Катарина Микаэла станет ослепительной красавицей. Читатель может убедиться в этом, взглянув на ее портрет работы Коэльо, находящийся в Прадо, либо на знаменитый «Портрет дамы в меховой накидке» из Глазго, который романтически настроенные историки искусства принимали за портрет Херонимы де лас Куэвас, жены Эль Греко, написанный им самим, а новейшие исследователи склонны переатрибутировать Софонисбе Ангишола, полагая, что это портрет инфанты Катарины Микаэлы[1194]. В 1585 году Катарина выйдет замуж за герцога Савойского. Она не доживет до смерти своего отца: умрет в Турине тридцати лет от осложнений, вызванных преждевременными родами одиннадцатого ребенка.

Изабеллу Клару Евгению Филипп II назовет «утешением своей старости», «светом своих глаз». Она останется при отце его верной помощницей до последнего часа его жизни. После смерти Филиппа II (1598) она исполнит его волю, выйдя замуж за штатгальтера Испанских Нидерландов эрцгерцога Альбрехта VII. Правление, которое она продолжит после смерти мужа единолично, станет «золотым веком» этой страны. Изабелла войдет и в историю искусства как главная покровительница Рубенса[1195].

В 1571 году король Испании заказал Тициану огромную аллегорическую картину «Филипп II, приносящий в жертву Богу инфанта Фернандо после победы при Лепанто» в пандан к находившейся в Алькасаре картине Тициана «Император Карл V в сражении при Мюльберге». Для исполнения этой аллегории в Венецию было послано написанное Коэльо изображение головы Филиппа с обращенным горе́ взором. Увидев этот портрет, Тициан «написал его величеству, что, имея у себя такого великолепного художника, нет нужды в картинах из далеких стран. Король ответил ему, что он этому верит, но так как он себя видел всегда хорошо обслуженным с его стороны, то пусть так будет и далее»[1196]. Ответ Филиппа II безукоризненно тактичен: он отлично знал, что его любимому Алонсо Санчесу удаются только портреты.

Ближе к 1580 году Коэльо написал свой шедевр – поясной портрет Филиппа II, находящийся ныне в Прадо[1197].

Рядом с ювелирно-кружевной роскошью портретов Анны Австрийской и повзрослевших Изабеллы Клары Евгении и Катарины Микаэлы это произведение поражает лаконизмом. Строгий отбор средств, необходимых и достаточных для осуществления художественного замысла, возможен вообще лишь тогда, когда портретист не идет на поводу у натуры. Франсиско Пачеко, которому довелось видеть Коэльо в работе, свидетельствует: «Заканчивая портрет, он подправлял его много раз в отсутствие модели, не трогая в очертании»[1198].

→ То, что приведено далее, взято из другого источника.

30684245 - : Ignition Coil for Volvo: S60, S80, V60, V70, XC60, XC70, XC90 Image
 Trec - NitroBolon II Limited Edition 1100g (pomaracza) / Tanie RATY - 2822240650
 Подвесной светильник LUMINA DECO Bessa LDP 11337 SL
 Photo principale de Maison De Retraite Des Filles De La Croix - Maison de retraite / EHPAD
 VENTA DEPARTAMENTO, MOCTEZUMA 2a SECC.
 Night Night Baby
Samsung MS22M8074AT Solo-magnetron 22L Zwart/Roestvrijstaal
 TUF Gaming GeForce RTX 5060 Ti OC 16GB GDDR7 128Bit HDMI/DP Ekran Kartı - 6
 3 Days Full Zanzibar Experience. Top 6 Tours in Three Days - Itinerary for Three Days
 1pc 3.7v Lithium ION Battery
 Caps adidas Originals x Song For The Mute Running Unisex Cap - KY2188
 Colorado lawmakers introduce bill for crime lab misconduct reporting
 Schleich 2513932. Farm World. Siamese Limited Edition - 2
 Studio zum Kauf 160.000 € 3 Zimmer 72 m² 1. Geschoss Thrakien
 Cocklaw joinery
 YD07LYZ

На портрете Филиппа II все приглушено ради того, чтобы говорило только молчаливое лицо, вернее, только взгляд широко раскрытых ясно-голубых глаз и упрямо сомкнутые губы Филиппа, словно помнящие насмешки современников над постоянно полуоткрытым ртом его отца. Лицо короля непроницаемо. Но сами вы под этим немигающим совиным взглядом не способны скрыть ни малейшего движения своей души[1199].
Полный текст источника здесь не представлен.